BEGIN INPUT DATA
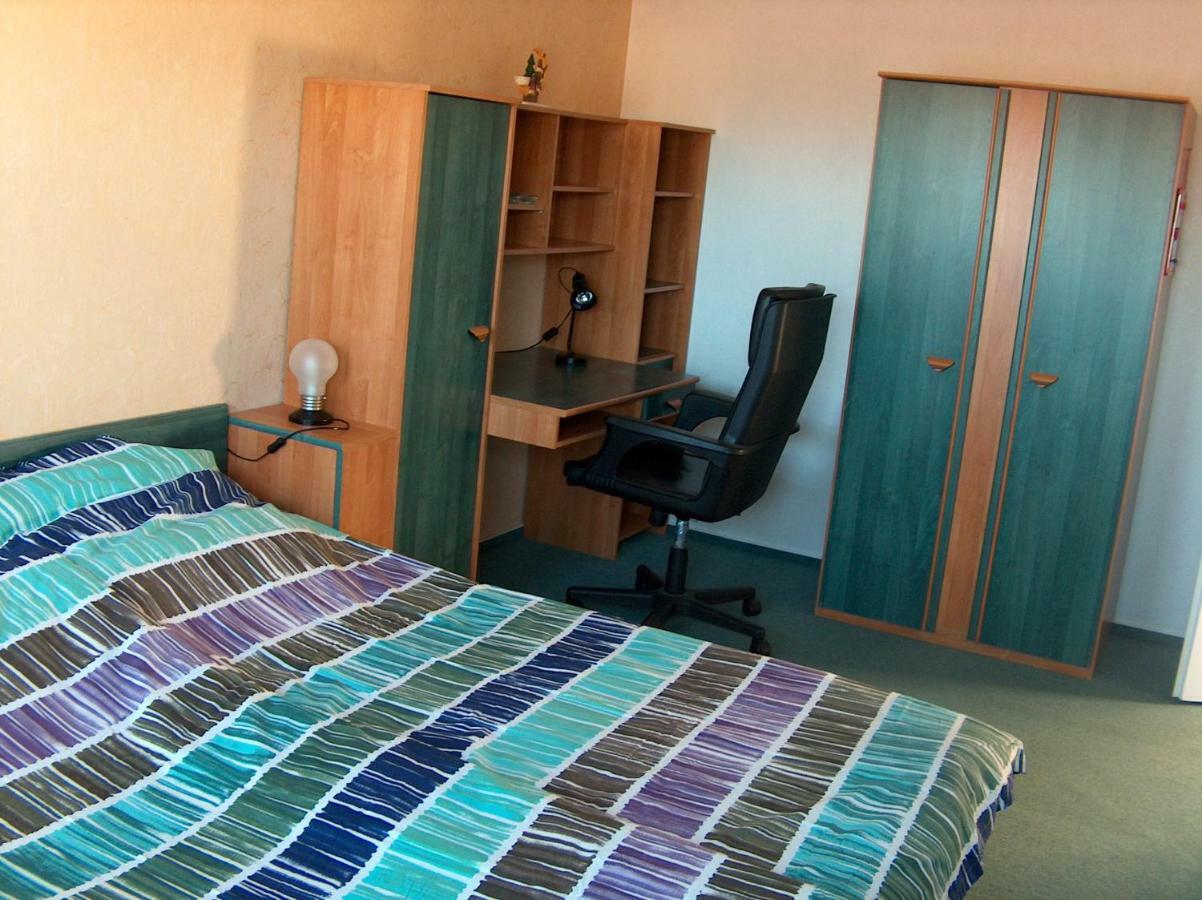 Ferienwohnung Trollmann Schmalkalden Eksteriør billede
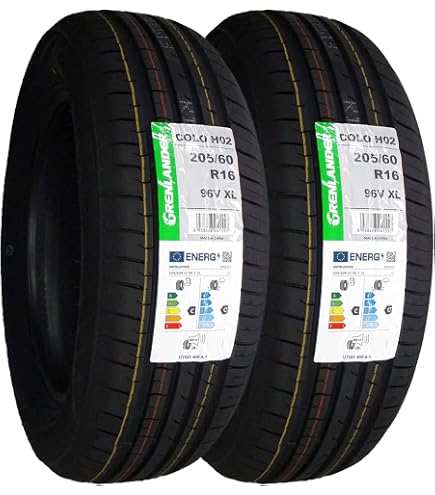 Amazon.co.jp: グリンランダー(GRENLANDER) サマータイヤ COLO H02 205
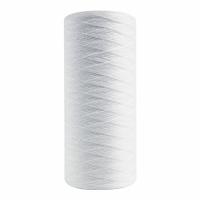 APPROVED VENDOR Filter Cartridge: 10 micron, String Wound, 15 gpm, Cotton, 30 in Overall Ht (MPN WC10S7EX1). Key specifications — Brand: APPROVED VENDOR; Filter Media: Cotton.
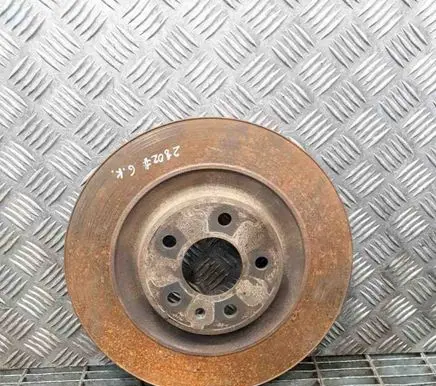 Audi Q5 SQ5 Rear brake disc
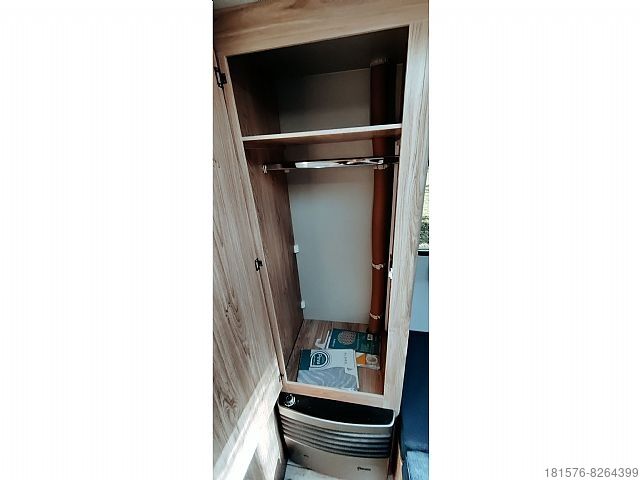 Wohnwagen Niewiadow N Cross DS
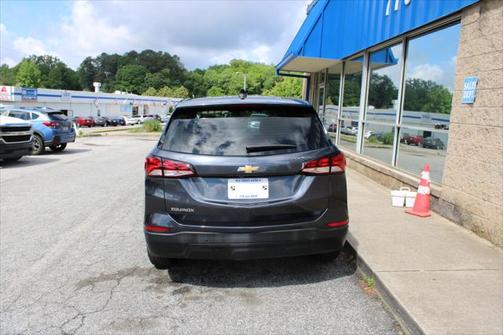 2022 Chevrolet Equinox LS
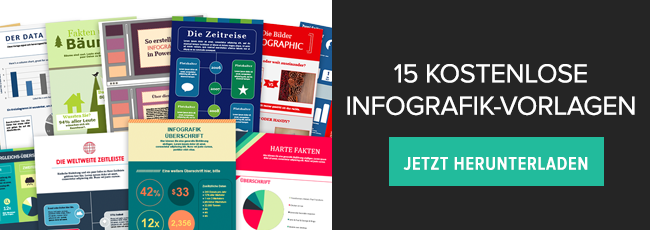 Kostenlose infografik-vorlagen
END INPUT DATA
AIM OF THE EXERCISE: Find the line that contains "2022 Chevrolet Equinox LS". Reproduce it and every later line of the records exactly, minus the pictures.

RESPONSE AREA:
 2022 Chevrolet Equinox LS
 Kostenlose infografik-vorlagen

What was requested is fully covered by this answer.